Simple check for it:
- Could 10 agents run in parallel and produce meaningful results?
- Do you have evidence to prove AI coding agent output is ready to merge?
In the case of an enterprise use case, your stack may be more complicated and vary widely, but the core principle – AI engineering first – still holds true in every case.
Code
Full code – give it a try! Spin up multiple products and features from it, experiment in parallel, all while keeping your agents on the leash. As a starting point, I have a very minimal design and two features as examples:
Agentic – the user uploads a PDF and the app generates the best visualization for it. The output is hard to predict or manage.


It has simple evaluations in the form of integration tests:
- Does it work? test_upload_pdf_returns_valid_response
- Does it produce a valid format? test_upload_pdf_returns_executable_js
- Does another LLM think it’s good? test_upload_pdf_llm_judge_evaluation
- Does it perform well based on labeled data from before? test_upload_pdf_compare_to_historic_data
Simplified code for the “Does another LLM think it’s good?” part.
def test_upload_pdf_llm_judge_evaluation(client, sample_pdf_path):
"""
Integration Test:
1. Uploads a PDF to the Agent.
2. Captures the generated visualization code.
3. Uses a 'Judge' LLM (Gemini) to grade the output.
"""
# 1. Act: Upload PDF and get the agent's response
with open(sample_pdf_path, "rb") as f:
response = client.post(
"/agent/visualize",
files={"file": ("sample.pdf", f, "application/pdf")},
)
assert response.status_code == 200
generated_code = response.json()["d3_code"]
# 2. Arrange: Set up the Judge
judge_client = genai.Client(api_key=settings.gemini_api_key)
judge_prompt = f"""
You are an expert code reviewer.
Evaluate this D3.js code generated from a PDF.
Code:
```javascript
{generated_code}
```
Check for:
1. Valid JavaScript syntax.
2. Meaningful visualization logic.
Respond with ONLY "PASS" or "FAIL" followed by a reason.
"""
# 3. Assert: The Judge decides if the test passes
judge_response = judge_client.models.generate_content(
model="gemini-3-pro-preview",
contents=judge_prompt
)
result = judge_response.text.strip().upper()
assert result.startswith("PASS"), f"LLM Judge rejected the code: {judge_response.text}"
Deterministic – simple CRUD on “items” (no AI), just boring stuff (which is hugely valuable).


CRUD for items – you’ve seen it before, and testing it is very straightforward: Arrange-Act-Assert pattern.
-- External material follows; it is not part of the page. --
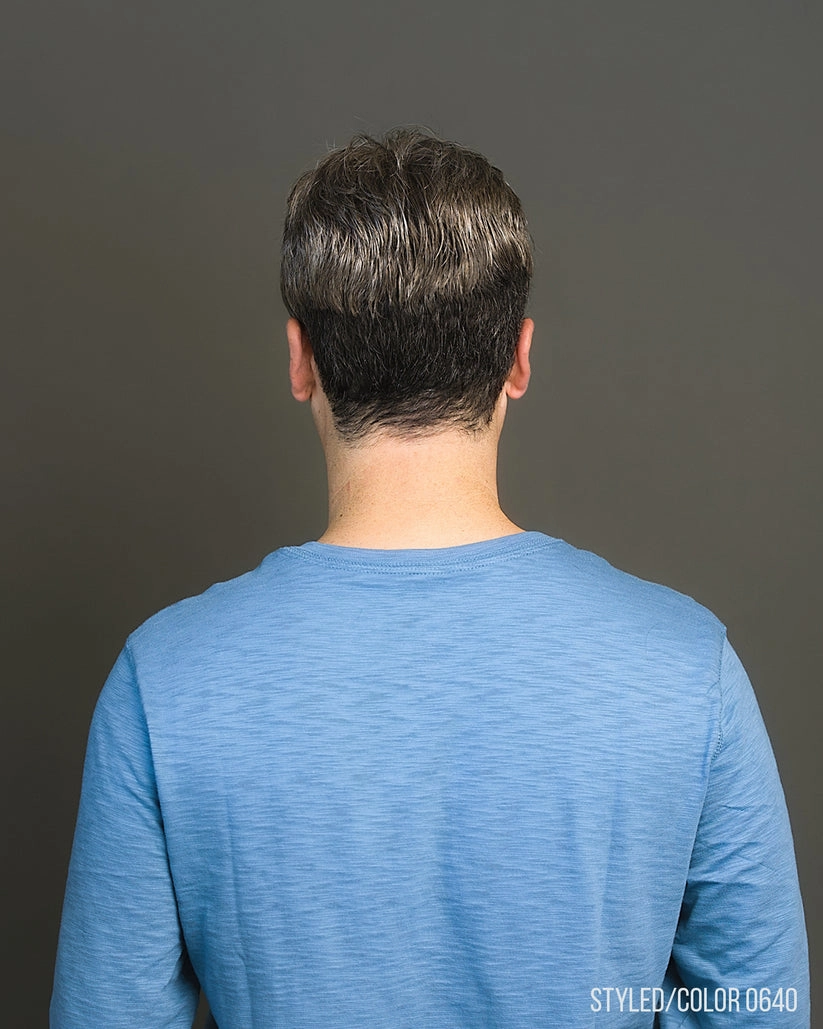 402 Mens System H by WIGPRO: Mono-Top Human Hair Topper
This seems easy to add, but I saw multiple times (and honestly I’m guilty of this myself) – if you miss adding it at the right time, the cost of this might be very high.
Never undervalue this stage, and always ask the agent to add integration tests and make sure to follow TDD!
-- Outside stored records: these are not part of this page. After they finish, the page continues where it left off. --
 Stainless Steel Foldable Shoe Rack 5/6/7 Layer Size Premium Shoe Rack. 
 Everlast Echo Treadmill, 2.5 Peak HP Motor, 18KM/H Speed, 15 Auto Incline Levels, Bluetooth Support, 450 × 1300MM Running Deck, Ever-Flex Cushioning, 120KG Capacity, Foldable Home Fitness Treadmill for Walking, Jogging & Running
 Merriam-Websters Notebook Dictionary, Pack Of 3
Both are important, and both are must-haves.
Feature branches – when you add a new feature or build on top of Agentic feature and Deterministic feature, make sure the agent has full availability to have separate environments.
Based on this, you can add new features in parallel, on top of existing ones or combinations.
Outcome:
I am stress-testing this template and contributing back my findings, opinions, and learnings.
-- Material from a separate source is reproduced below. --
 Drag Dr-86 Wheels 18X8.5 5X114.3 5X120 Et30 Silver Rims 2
So far it’s a my safety harness. It allows me to unleash 10 agents on a codebase knowing that if they mess up, the guardrails will catch them before production.
My main recommendation for engineering leaders – no matter your stack – is to empower AI engineering by defining a set of principles and strong verification mechanisms at the company strategy level, and making sure you are consistently following them.